• _About this exercise_: For this exercise, copy exactly the lines below from the one with "La alcaldesa de" through the one with "image for item" and leave out the pictures.

• _Dataset entries_:
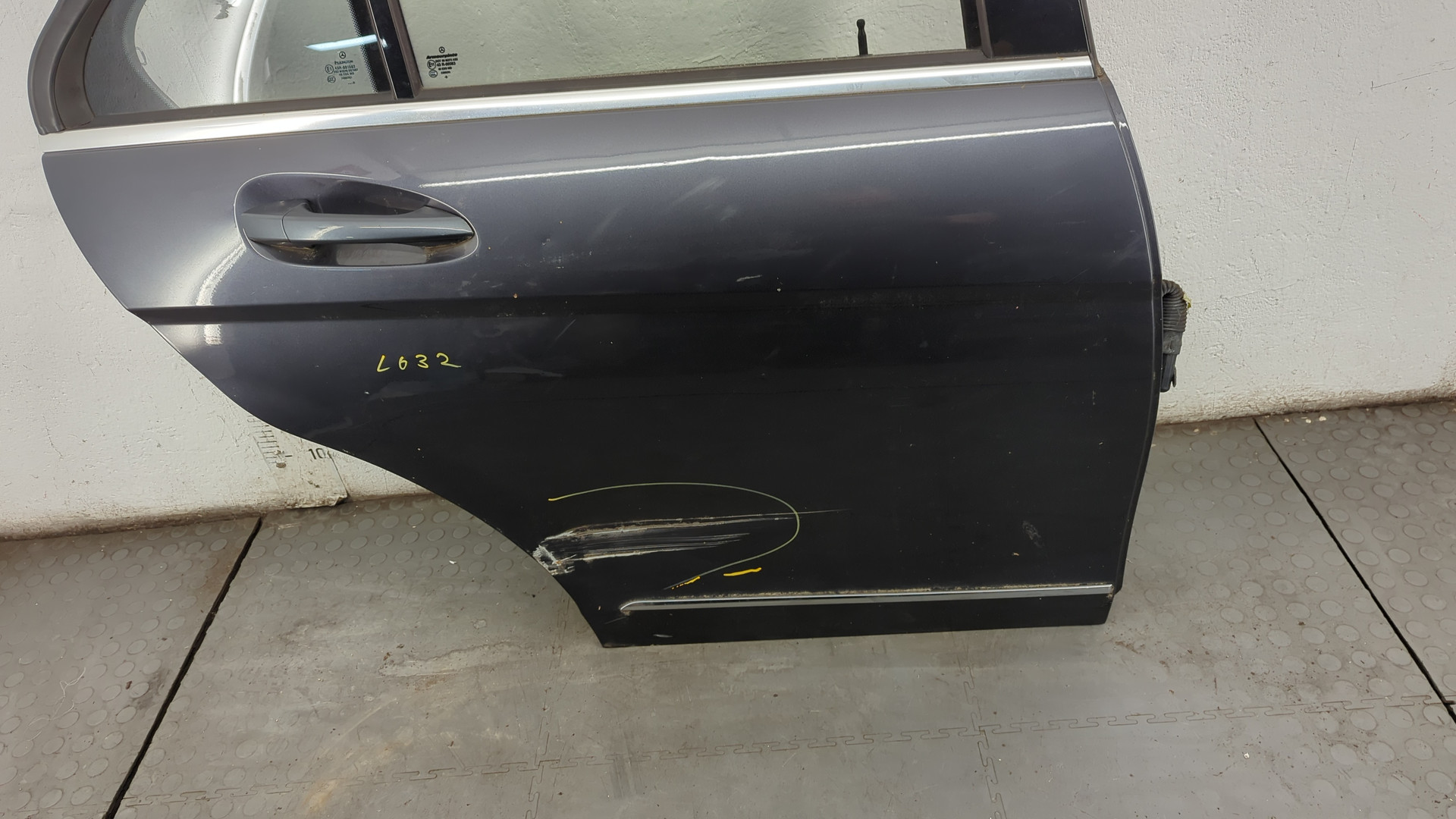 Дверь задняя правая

* * *

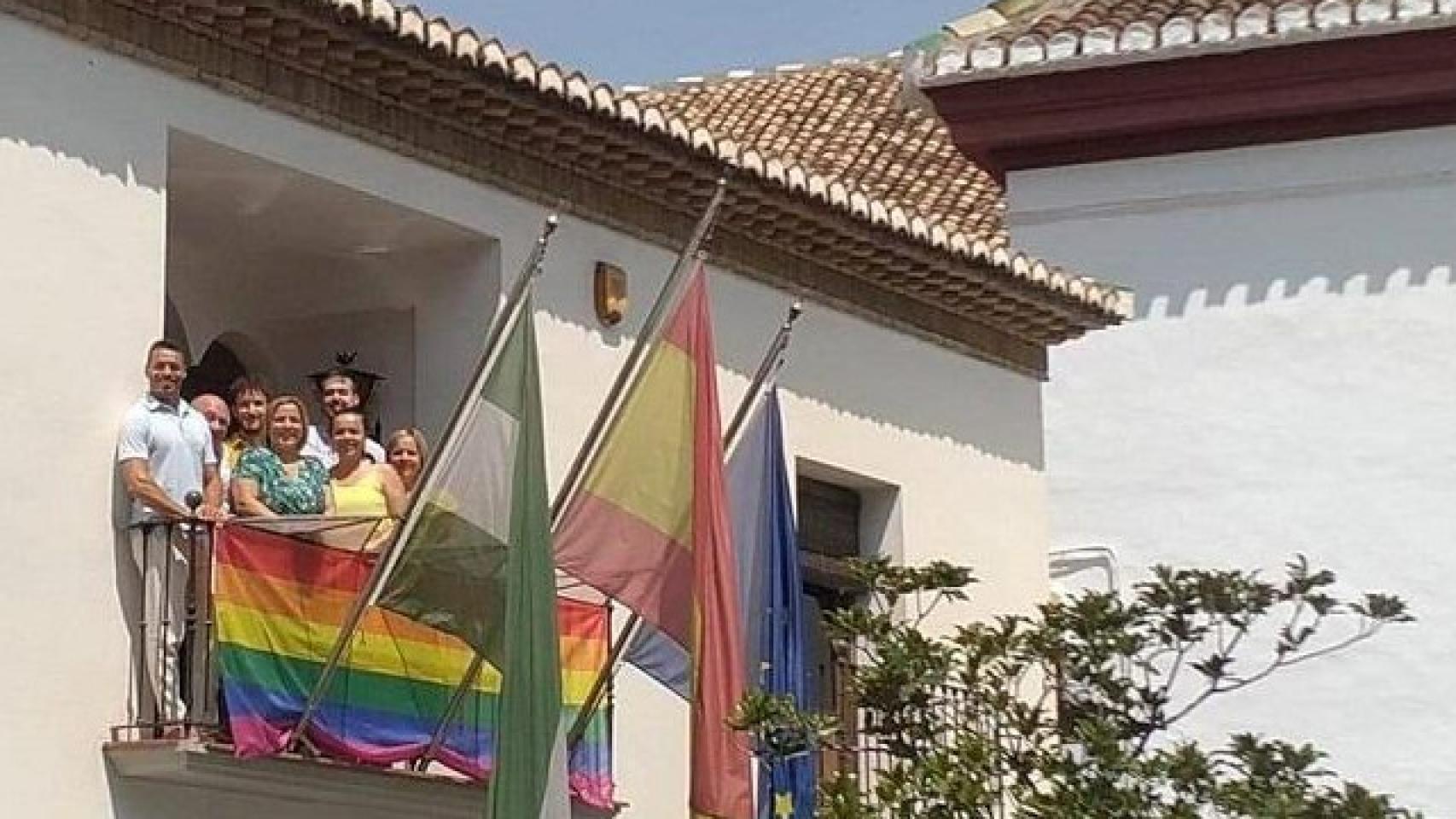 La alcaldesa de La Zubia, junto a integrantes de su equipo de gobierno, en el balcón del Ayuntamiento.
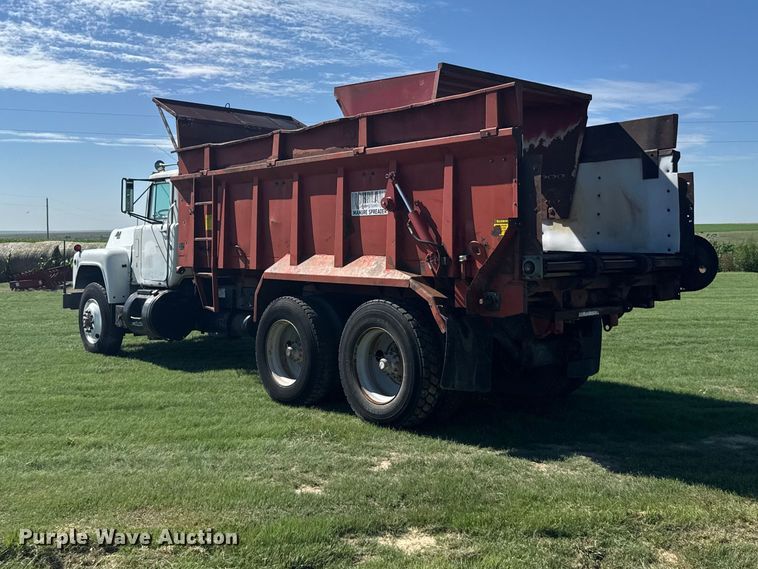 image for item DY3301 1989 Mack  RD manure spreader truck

• _Answer box_:
 La alcaldesa de La Zubia, junto a integrantes de su equipo de gobierno, en el balcón del Ayuntamiento.
 image for item DY3301 1989 Mack  RD manure spreader truck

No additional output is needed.